§ **Task instructions**: Whenever a picture appears in the data, skip it and write out all other material exactly.
(Information supplied begins)
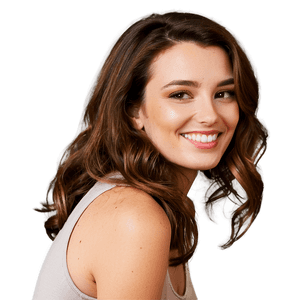 Smiling Woman with Brown Hair PNG 32 PNG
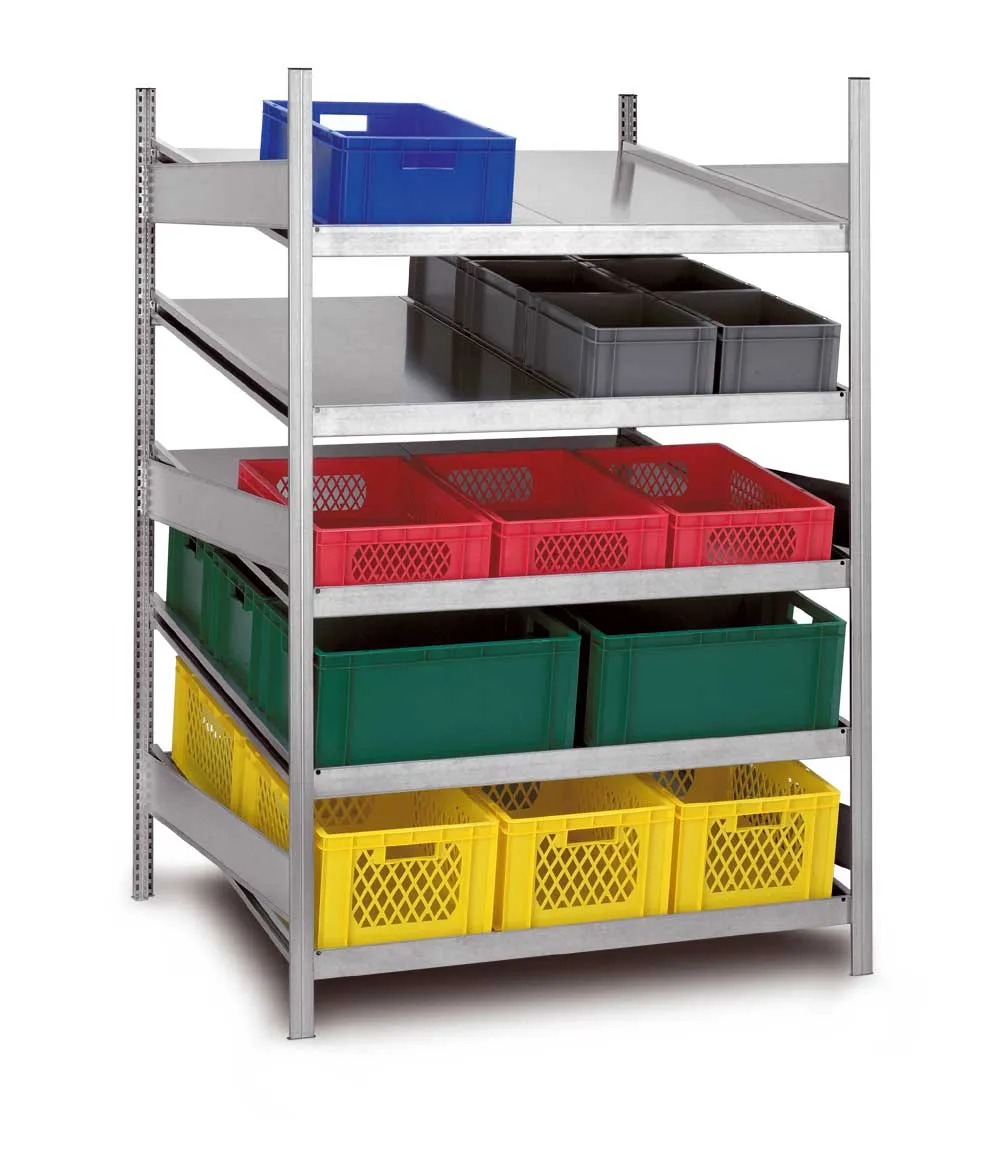 Kanbanregal Stecksystem T-Profil | Grundregal | HxBxT 200x130x60cm | 5 Ebenen | Fachlast 200kg | Verzinkt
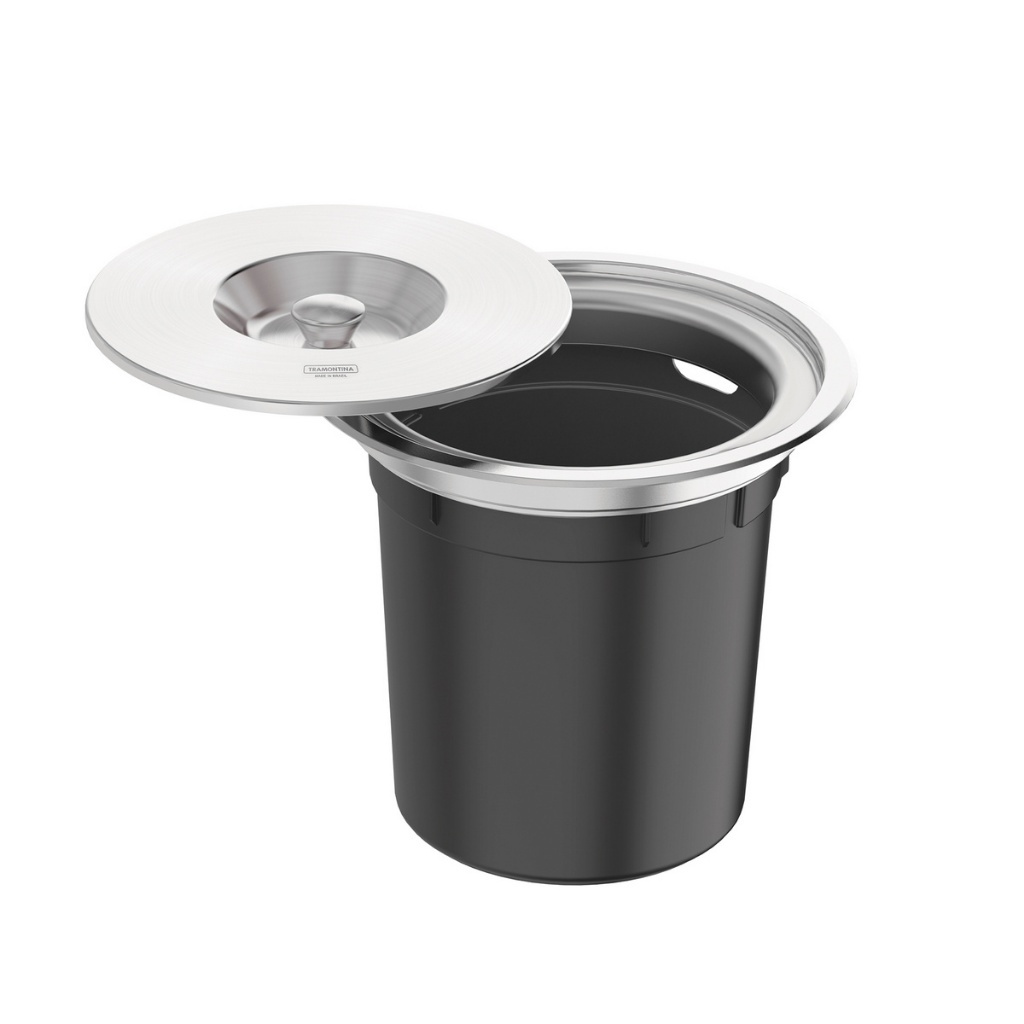 Lixeira de Embutir Tramontina Clean Round em Aço Inox com Balde Plástico 5 L Inox AISI 304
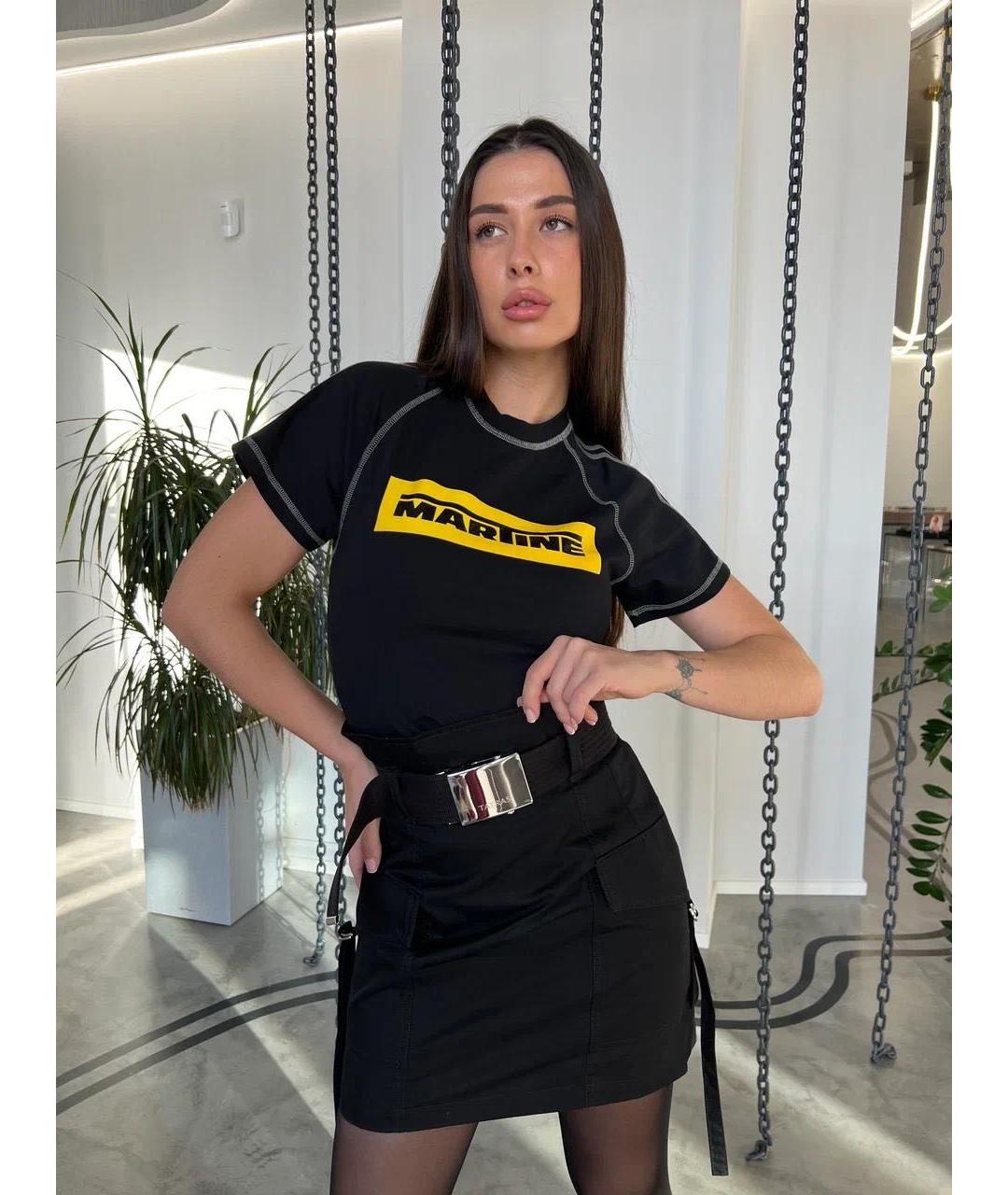 TATRAS Черная хлопковая юбка мини, фото 4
(Information supplied ends)
§ **Task answer**:
 Smiling Woman with Brown Hair PNG 32 PNG
 Kanbanregal Stecksystem T-Profil | Grundregal | HxBxT 200x130x60cm | 5 Ebenen | Fachlast 200kg | Verzinkt
 Lixeira de Embutir Tramontina Clean Round em Aço Inox com Balde Plástico 5 L Inox AISI 304
 TATRAS Черная хлопковая юбка мини, фото 4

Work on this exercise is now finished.